Sell the sizzle, not the steak. Step One of any effective sales effort is creating a need. In the life insurance industry, it was called “backing up the hearse,” which described what life for the breadwinner’s family would be like if he or she died. Retirement plan promotional meetings fail to instill a sense of immediacy and satisfaction to be gained from having money piling up in a retirement plan. Presentations that drone on about the need to have money 40 years from now at retirement just fall on deaf ears — I’m all like, “Later, dude.”
So where to start? First, get people mad by using tax tables to teach them how much they are paying in taxes on the last few dollars of income — their so-called “marginal tax bracket.” That’s what they save with a contribution — not the percentage of total taxes they have had withheld. Most millennials have no concept of how they’re taxed. The comment, “I don’t pay any taxes, I get $500 back in April,” is a common sentiment. People need to experience a loss of what could have been “free government money” if they had only contributed more. Most Californians, especially singles, see their last dollar taxed at about 30 percent. That’s the dollar that goes into the plan at a take-home pay cost of just 70 cents. The government tax-savings “subsidy” of 30 percent amounts to about a 50 percent return.
The next missing ingredient includes lessons about how people make money in the stock market. Novice investors need to hear an expert say something like, “As goofy as it may sound, we all want to pray that the stock market crashes periodically.” Why? It’s so that our inbound, dollar-cost-averaged contributions will automatically buy shares at cheap prices during downdrafts. Another example of counterintuitive but confidencebuilding thinking is the history of market resilience.
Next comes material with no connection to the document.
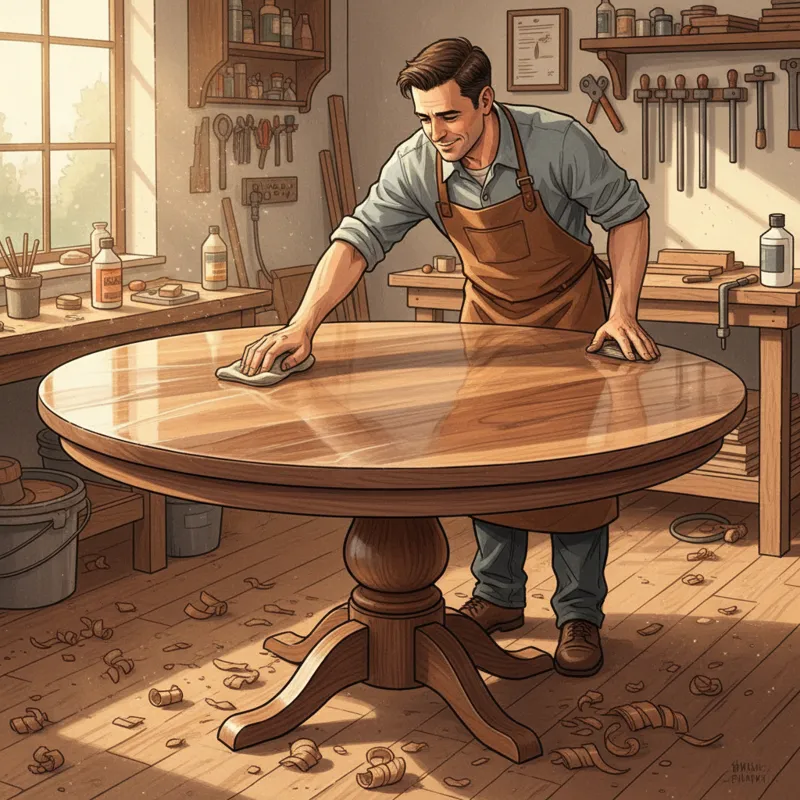 A furniture maker carefully applying a clear protective finish to the surface of a beautifully sanded 60-inch round wood dining table, showcasing the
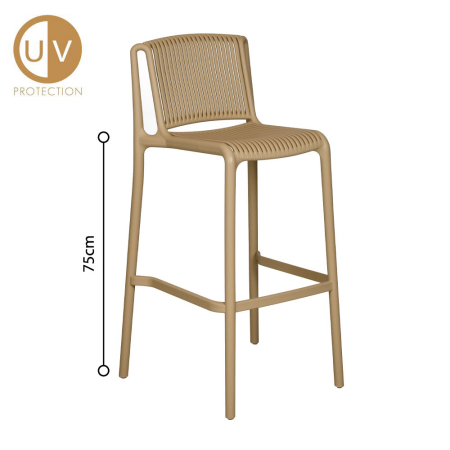 Mobilier Gradina in Stil Scandinav - Set 4 scaune de bar HoReCa din polipropilenă bej stivuibile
For example, the market in the 12 months after any major crash has averaged a 39 percent gain from the point at which the market hit bottom — and this has been the average for the eight major crashes since 1970.
And finally, market history suggests 10 percent average annual returns over long periods, and money earning 10 percent compounded doubles every 7.2 years. Today’s $1,000, with no additional contributions, will compound to
$64,000 by the time an early millennial reaches retirement at 65. Check it out. Double the $1,000 every 7.2 years.
Most institutions selling retirement plans discourage loans, but a liberal loan provision removes a psychological impediment to contributing to the plan in the first place. Plus, paying the interest back to yourself amounts to a guaranteed return of 5 percent on this particular plan “investment choice.”
Typical employee meetings fail to paint a picture of how exhilarating a possible $50,000 balance will feel in just five or six years with, say, $500 per month earning an average of 10 percent — especially when that $500 costs as little as $350 in take-home pay. This resulting reserve can be a life-saving cushion for someone between jobs. Or, it can mean a “tipping point” illustrating how money begins to have a life of its own.
In short, today’s employee education lacks emotional “sizzle” in the typical retirement savings pitch. To combat this, the industry needs to offer financial education that taps into selfinterest on some emotional level — be it greed, fear, financial security, the thrill of having a growing account balance, fear of having nothing between jobs … whatever. Threatening an insufficient retirement 40 years from now doesn’t cut it.
With millennials who may be buying $4 coffee and $6 deli sandwiches every day, we’re up against immediate gratification — and even immediate gratification, in the minds of some, “just takes TOO LONG.” The industry needs to shift gears, tap into an emotional core and stop talking about something 40 years away.